Plaintiff, Michael Birks, has brought this pro se civil rights action pursuant to 42 U.S.C. § 1983. Plaintiff alleges a claim for unconstitutional conditions of confinement due to substances in the shower area in his division at Cook County Jail. The remaining Defendants, Officer Hope, Officer Lopez, and Superintendent Reyes, have moved for summary judgment. For the reasons stated herein, the Court grants Defendants' motion.
Local Rule 56.1
Motions for summary judgment in the Northern District of Illinois are governed by Local Rule ("LR") 56.1. "The obligation set forth in Local Rule 56.1 is not a mere formality.' Rather, [i]t follows from the obligation imposed by Fed.R.Civ.P. 56(e) on the party opposing summary judgment to identify specific facts that establish a genuine issue for trial.'" Delapaz v. Richardson, 634 F.3d 895, 899 (7th Cir. 2011) (citation omitted) (quoting Waldridge v. Am. Hoechst Corp., 24 F.3d 918, 924 (7th Cir. 1994)). The Seventh Circuit has "routinely held that a district court may strictly enforce compliance with its local rules regarding summary judgment motions." Yancick v. Hanna Steel Corp., 653 F.3d 532, 537 (7th Cir. 2011) (quotation omitted).

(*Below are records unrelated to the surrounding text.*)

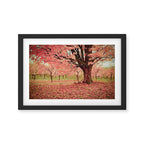 Wind and Leaves Framed Art Print Gallery Image 2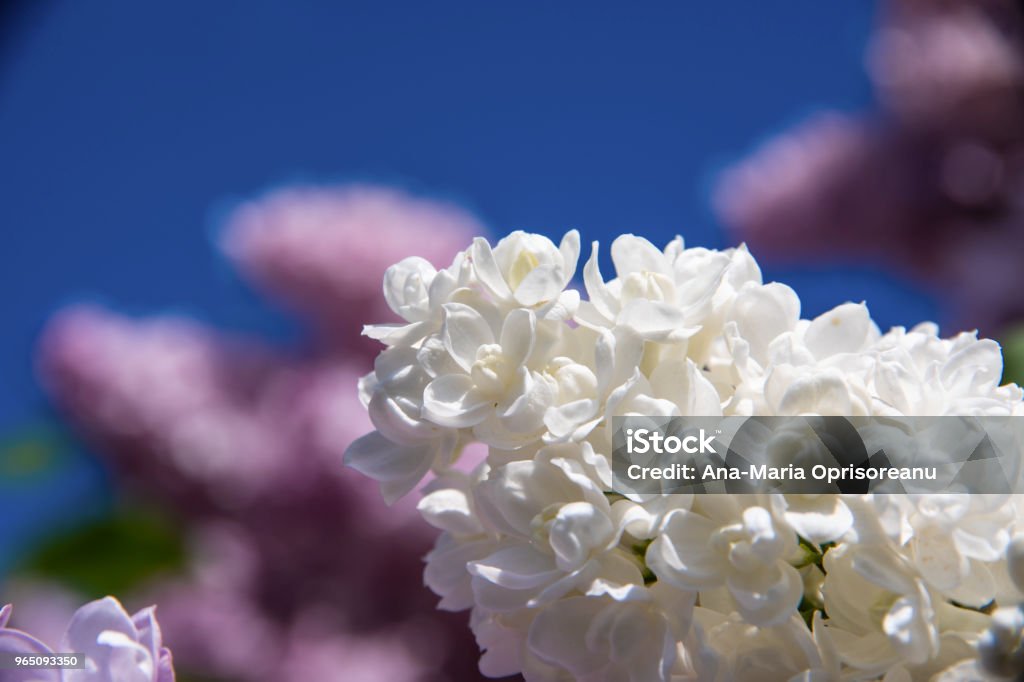 White lilac (Syringa vulgaris) Lilac, Flowers, Nature Beauty Stock Photo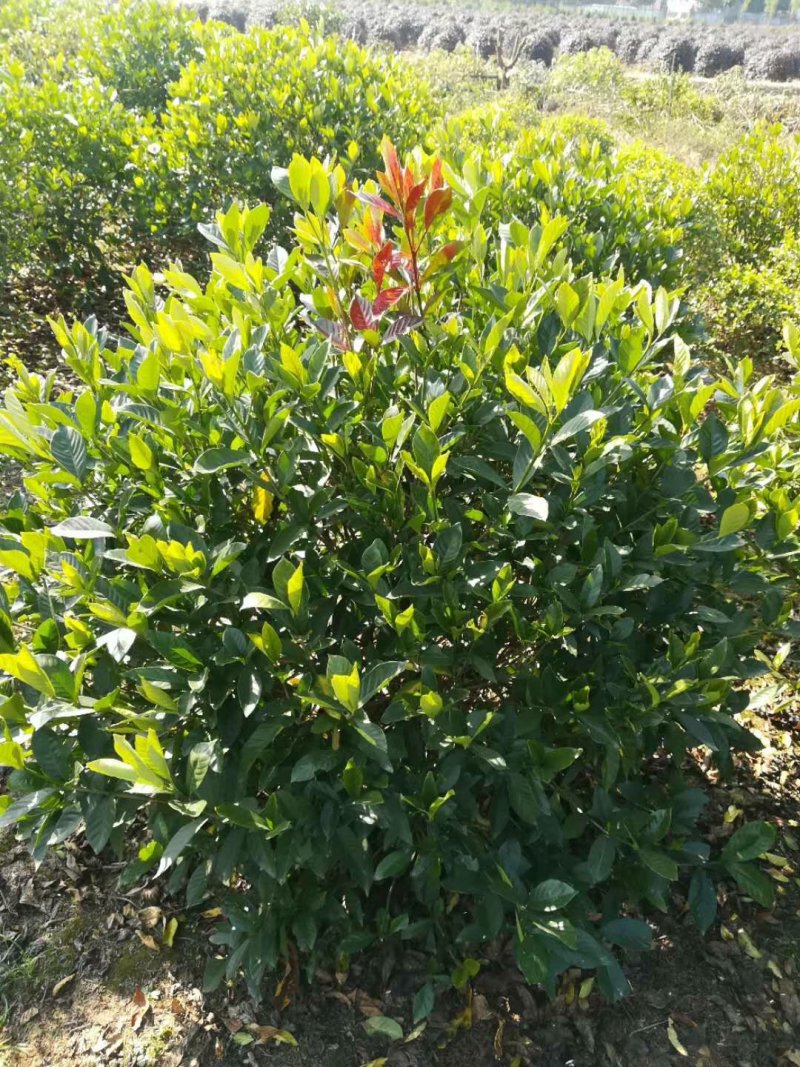 栀子花，大花栀子，大叶栀子小，栀子球价格，湖南栀子苗价格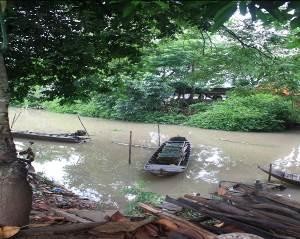 Hình ảnh cảnh quan môi trường trên cù lao Ông Hổ Cồn Phó Ba Rạch Rích Cổng 6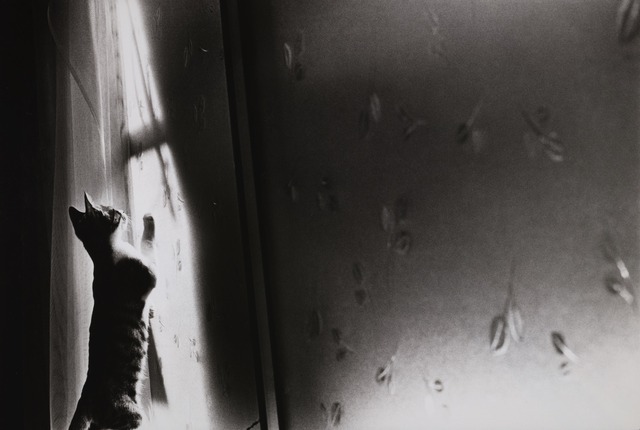 深瀬昌久「無題」（シリーズ『サスケ』より）1977-78年 © 深瀬昌久アーカイブス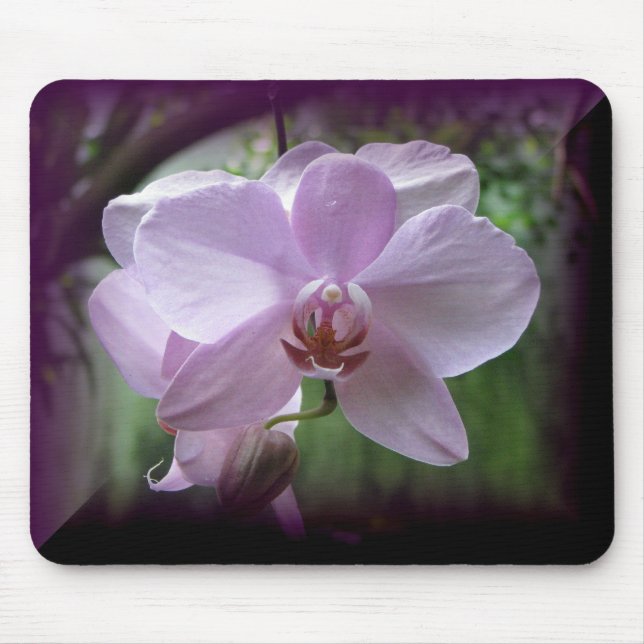 Orchid Mouse Pad (Front)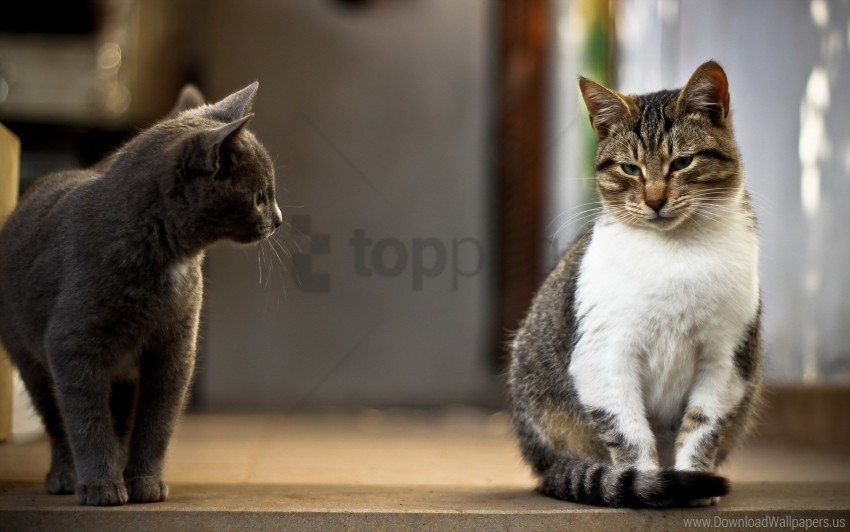 cats couple curiosity satisfied wallpaper Isolated Design Element in HighQuality PNG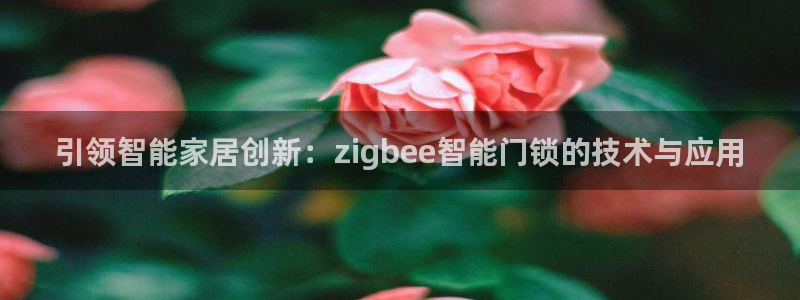 金年会是啥：引领智能家居创新：zigbee智能门锁的技术与应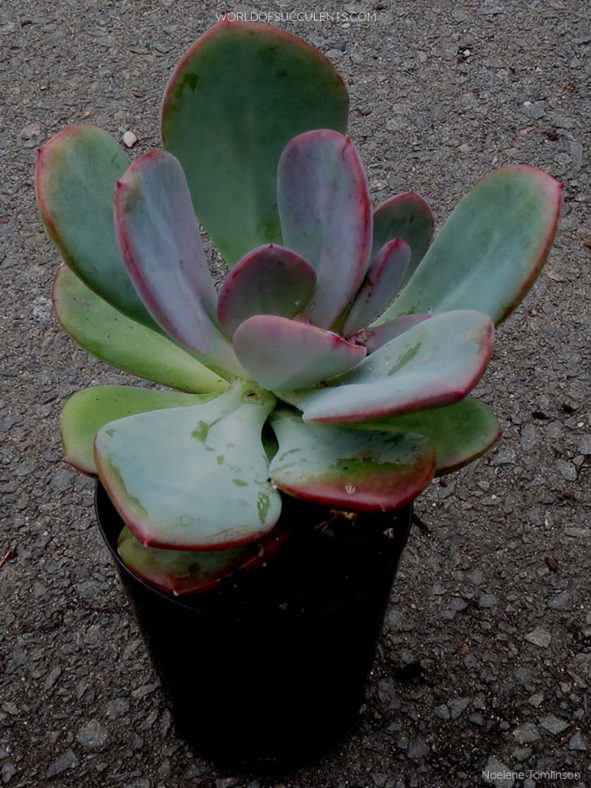 Pachyveria 'Blue Tongue'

Local Rule 56.1(b)(3)(B) requires the nonmovant to file a "concise response to the movant's statement that shall contain... a response to each numbered paragraph in the moving party's statement, including, in the case of any disagreement, specific references to the affidavits, parts of the record, and other supporting materials relied upon." See LR 56.1(b)(3)(B). Local Rule 56.1(b)(3)(C) also "requires specifically that a litigant seeking to oppose a motion for summary judgment file a response that contains a separate statement... of any additional facts that require the denial of summary judgment.'" Cichon v. Exelon Generation Co., L.L.C., 401 F.3d 803, 809 (7th Cir. 2005) (quoting LR 56.1).
The failure of a nonmoving party to abide by the rule's requirements carries significant consequences. "All material facts set forth in the statement required of the moving party will be deemed to be admitted unless controverted by the statement of the opposing party." LR 56.1(b)(3); Smith v. Lamz, 321 F.3d 680, 683 (7th Cir. 2003) ("We have consistently held that a failure to respond by the nonmovant as mandated by the local rules results in an admission."). "This rule may be the most important litigation rule outside statutes of limitation because the consequences of failing to satisfy its requirements are so dire." Malec v. Sanford, 191 F.R.D. 581, 584 (N.D. Ill. 2000).
To provide pro se litigants with additional procedural protections, LR 56.2 requires movants to provide a "Notice to Pro Se Litigant Opposing Motion for Summary Judgment." That notice was provided to the Plaintiff and clearly explained the requirements of the Local Rules and warned Plaintiff that a party's failure to controvert the facts as set forth in the moving party's statement results in those facts being deemed admitted. (Doc. No. 43.)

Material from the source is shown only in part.